New Delhi: The World Meteorological Organization’s COVID-19 Task Team has revealed that meteorology and air quality played a secondary role in disease transmission.
The report said, “There has been no evidence that certain weather conditions absolutely preclude transmission, as had been suggested by some commentators early in the pandemic”.
WMO also explained that the findings suggest that associations between weather and COVID-19 incidence (via impacts on transmission) and severe outcomes are complex and likely non-linear.
Task Team chair, Dr Ben Zaitchik, Department of Earth & Planetary Sciences, Johns Hopkins University, Baltimore, USA said that “Efforts from around the world to understand meteorology and air quality impacts on SARS-CoV-2 transmission and COVID-19 severity have yielded new approaches to data, new cross-disciplinary collaborations, and a broad appreciation of how difficult it is to disentangle risk factors during an ongoing pandemic”.
“The specific findings of these studies are complex and will continue to be examined in coming years.
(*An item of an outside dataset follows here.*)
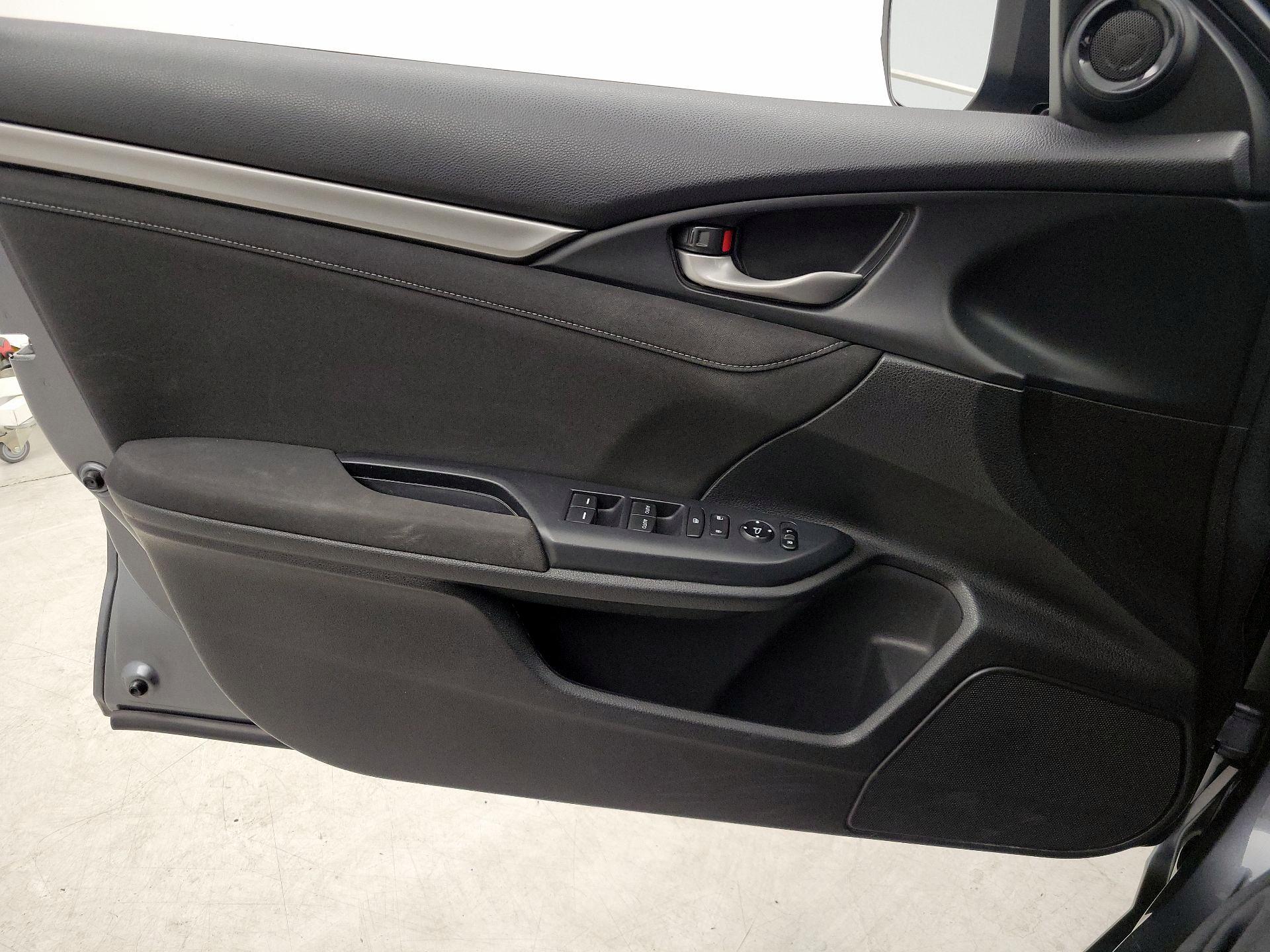 Thumbnail: 2018 Honda Civic - 12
Notwithstanding the nuance of those results, it is clear that researchers and the public have learned a tremendous amount about how environmental data can and cannot be used when predicting the spread of a respiratory virus,” said Dr Zaitchik.
The WMO said While meteorology and air quality factors may have been secondary to other influences in the first years of the pandemic, it must be noted that the number of infections and deaths from COVID-19 was very large, such that even secondary factors can have large total impact.
“For this reason, it is critical that researchers continue to study the role of MAQ factors in COVID-19 and the potential to apply such knowledge to pandemic preparedness and response,” it said.
Lessons learned from the pandemic showed how environmental data can and cannot be used when predicting the spread of a respiratory virus.
It is therefore critical that researchers continue to study the role of meteorological and air quality factors in COVID-19, given the potential to use such knowledge to prepare for and respond to future international health emergencies, said WMO.
The updated umbrella review was commissioned by the WMO Research Board’s COVID-19 Task Team and it updates findings released in May 2022 regarding Meteorological and Air Quality (MAQ) Services for COVID-19 Risk Reduction and Management.